Filip Konowal "Sergeant Filip Konowal / Sergent Filip Konowal" by BiblioArchives / LibraryArchives is licensed under CC BY 2.0.



Your feat is the most courageous and incomparable in my army. Please accept my gratitude personally.
King George V to Filip Konowal, October 1917
Filip Konowal was a Ukrainian-Canadian soldier, the only Ukrainian to be awarded the Victoria Cross, the highest military honor in the United Kingdom.
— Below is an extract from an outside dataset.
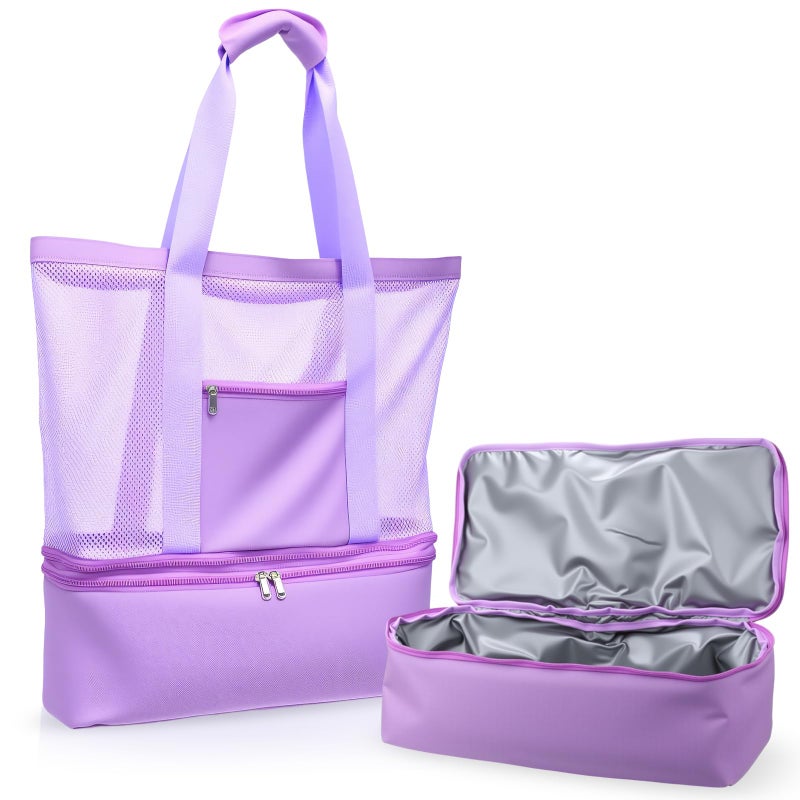 Abbylike Large Mesh Beach Tote Bag with Insulated Cooler and Pocket Detachable Waterproof Sandproof Picnic Swim Pool BagLight Purple - Image 2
He was born on September 15, 1888, in the village of Kutkivtsi in Podillia (now Kamianets-Podilsky district, Khmelnytsky region) into a peasant family. He was an apprentice to a mason. After serving in the Russian army (1908-1913), he was sent to Siberia, where he left for Canada in search of a better life.
During World War I, he joined the 77th Canadian Infantry Battalion. He fought in France, where he gained recognition. On August 21, 1917, near the town of Lens, surrounded by German soldiers under constant machine gun fire, Corporal Konowal moved to a machine gun nest and, according to legend, defeated ten machine gunners in hand-to-hand combat and took an enemy machine gun for his unit. The next day, he successfully attacked an enemy machine gun nest again. In 1917, King George V personally awarded him the Victoria Cross at a military parade in front of Buckingham Palace for this brave act.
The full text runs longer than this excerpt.